Dunn died in August when his motorcycle collided with a car driven by Anne Sacoolas, the wife of a US intelligence officer stationed at a US spy base at RAF Croughton, Northamptonshire. Sacoolas immediately admitted to the police she had caused the accident by driving on the wrong side of the road.

She then left the country a fortnight later claiming diplomatic immunity. The US government has rejected a Home Office request for her to return to the UK to stand trial. The family had also written to Donald Trump urging him to reconsider his refusal to send her back to the UK, but the US government on Thursday again rejected the plea.

Downing Street insists it backed the Dunn campaign to persuade Sacoolas to return to face UK courts and had objected to her departure every step of the way.

But the family’s lawyers, after leaks of internal memos and evidence given to the foreign affairs select committee, believe they were misled.

The UK shadow foreign secretary, Lisa Nandy, has called for a parliamentary inquiry into how the family were treated. It is understood that Keir Starmer, the Labour leader and former director of public prosecutions, is also taking an interest.

The family is seeking a judicial review into the handling of the case, which could reveal if there were any conflicting currents within the Foreign Office over whether to resist the US view that she was covered by diplomatic immunity. Any court hearing might also reveal exchanges between the Northamptonshire police and the Foreign Office over the degree of discretion the police had to arrest and prosecute Sacoolas, even if the Foreign Office (FCO) told the police she had diplomatic immunity.

Radd Seiger, the lawyer for the Dunn family, said he would be demanding the truth at Friday’s meeting: “The foreign secretary has stated in each of our meetings with him that the FCO fought to keep Mrs Sacoolas here.
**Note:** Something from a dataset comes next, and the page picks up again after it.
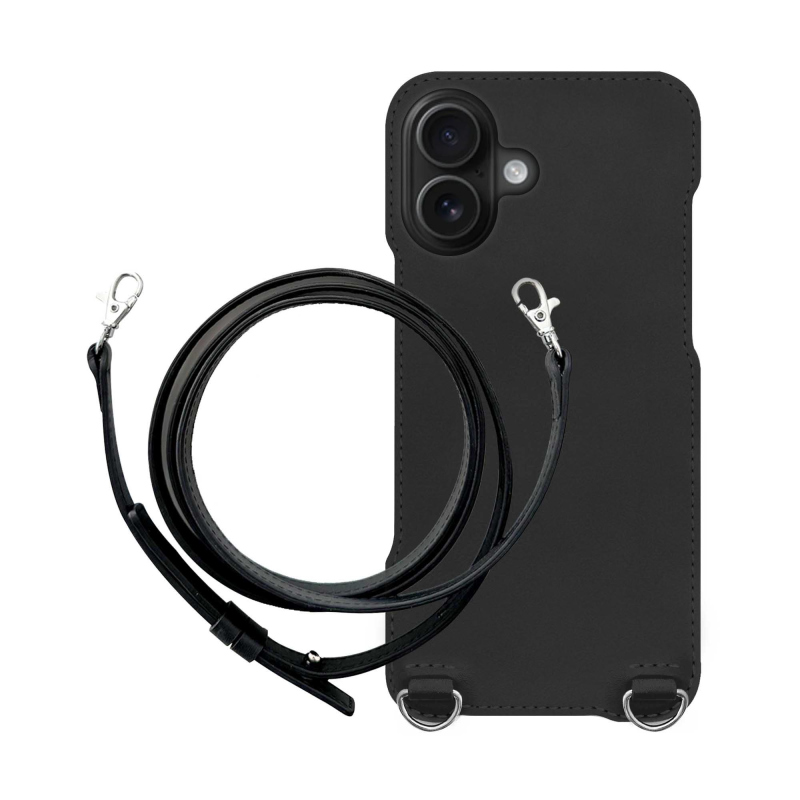 Apple iPhone 17用ショルダーストラップ付きシェル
“The FCO’s initial position, like ours, was that Mrs Sacoolas did not have diplomatic immunity. So why did they cave in on this interpretation of the law in a matter of three working days? To make matters worse, they failed to pass any of this to Northants police, who were kept totally in the dark for 14 days when it was their job to establish whether she had immunity or not. Shockingly, the police were not told anything until the day after Mrs Sacoolas left, depriving them of their ability to investigate matters.”

Sacoolas left the UK on 15 September after the Foreign Office agreed she had diplomatic immunity, and the US refused to waive it. Internal memos suggest the Foreign Office decided she had immunity, a complex point of law, within a week of Dunn’s death.
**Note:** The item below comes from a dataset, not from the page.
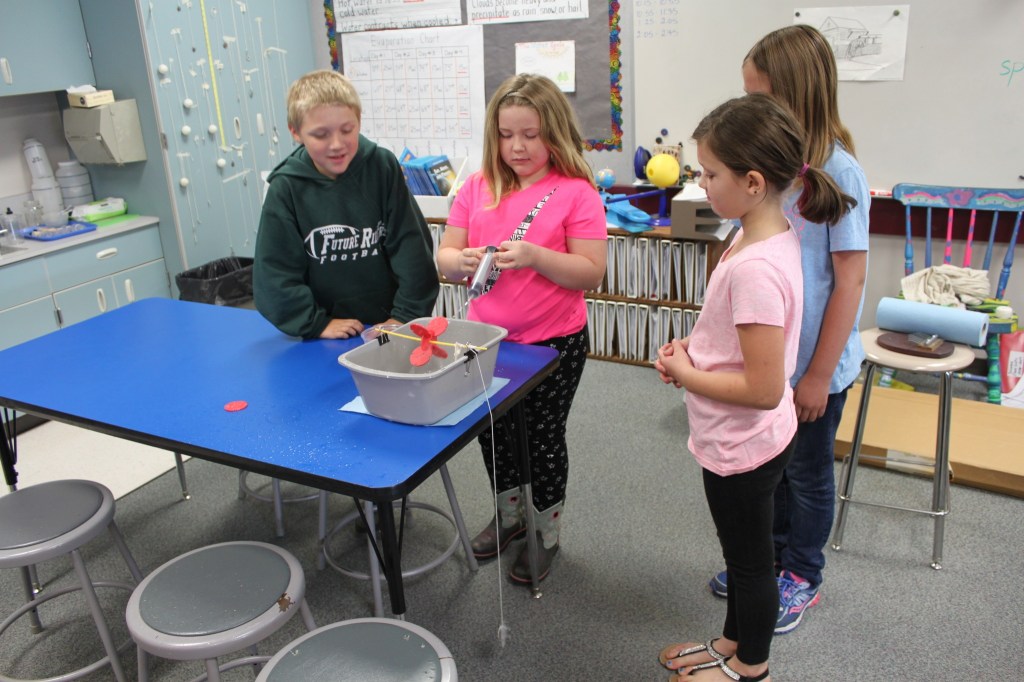 Chalk Talk: Greywolf tests water wheels, Haller’s ‘We are Friends Who Care’ assembly, SHS welding class builds outdoor fireplace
Seiger’s argument turns on exchanges between the Foreign Office and the US State Department in the immediate wake of the crash that led to Foreign Office lawyers concluding she did have diplomatic immunity, he says.

The Foreign Office negotiated a treaty with the US and the UK that waived immunity for US staff at the Croughton base, but the treaty was silent on the status of the staff’s dependants, such as Sacoolas, leading the US to argue she had immunity.
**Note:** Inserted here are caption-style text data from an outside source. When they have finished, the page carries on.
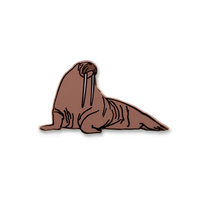 Walrus Pin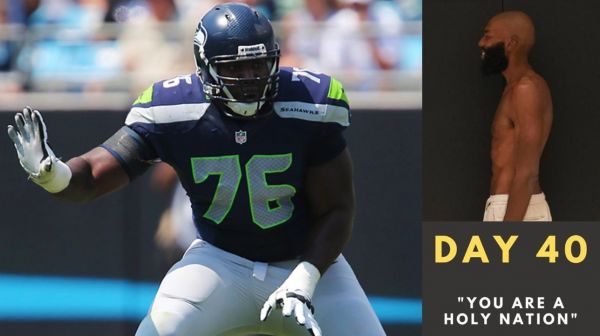 Russell Okung n'a bu que de l'eau pendant 40 jours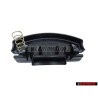 Original VW Push Button Titan Black - 3B0868445 82V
A Foreign Office spokesperson said: “We have deep sympathy for Harry’s family. We have done and will continue to do everything we properly can to ensure that justice is done.

As the foreign secretary set out in parliament, Anne Sacoolas had diplomatic immunity whilst in the country under the Vienna convention on diplomatic relations.

We consistently called for Anne Sacoolas’s immunity to be waived before she left the UK. Both the prime minister and the foreign secretary have been clear with the US that the refusal to extradite her amounts to a denial of justice, and that she should return to the UK.”